-- Prompt --
Give again, word for word, the lines below that run from the line with "image for item I4688 2005 Ford E350 van" through the line with "Kiren Kebaili-Dwyer is Hamlet". Drop the pictures.

-- Exercise data --
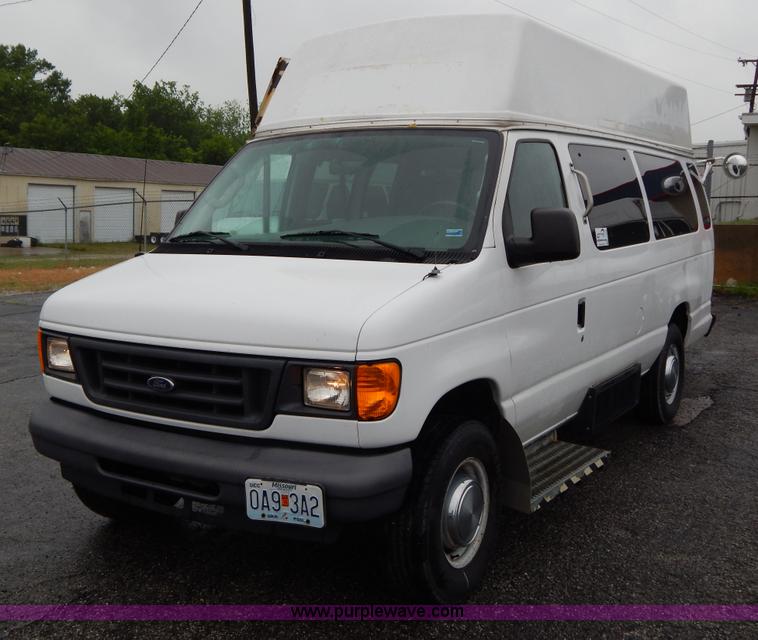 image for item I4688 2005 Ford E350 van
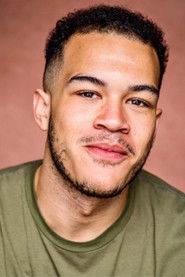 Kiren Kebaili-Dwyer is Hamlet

==

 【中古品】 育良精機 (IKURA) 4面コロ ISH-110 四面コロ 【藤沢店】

--

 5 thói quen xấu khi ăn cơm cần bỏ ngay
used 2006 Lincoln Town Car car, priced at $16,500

-- Output of the exercise --
 image for item I4688 2005 Ford E350 van
 Kiren Kebaili-Dwyer is Hamlet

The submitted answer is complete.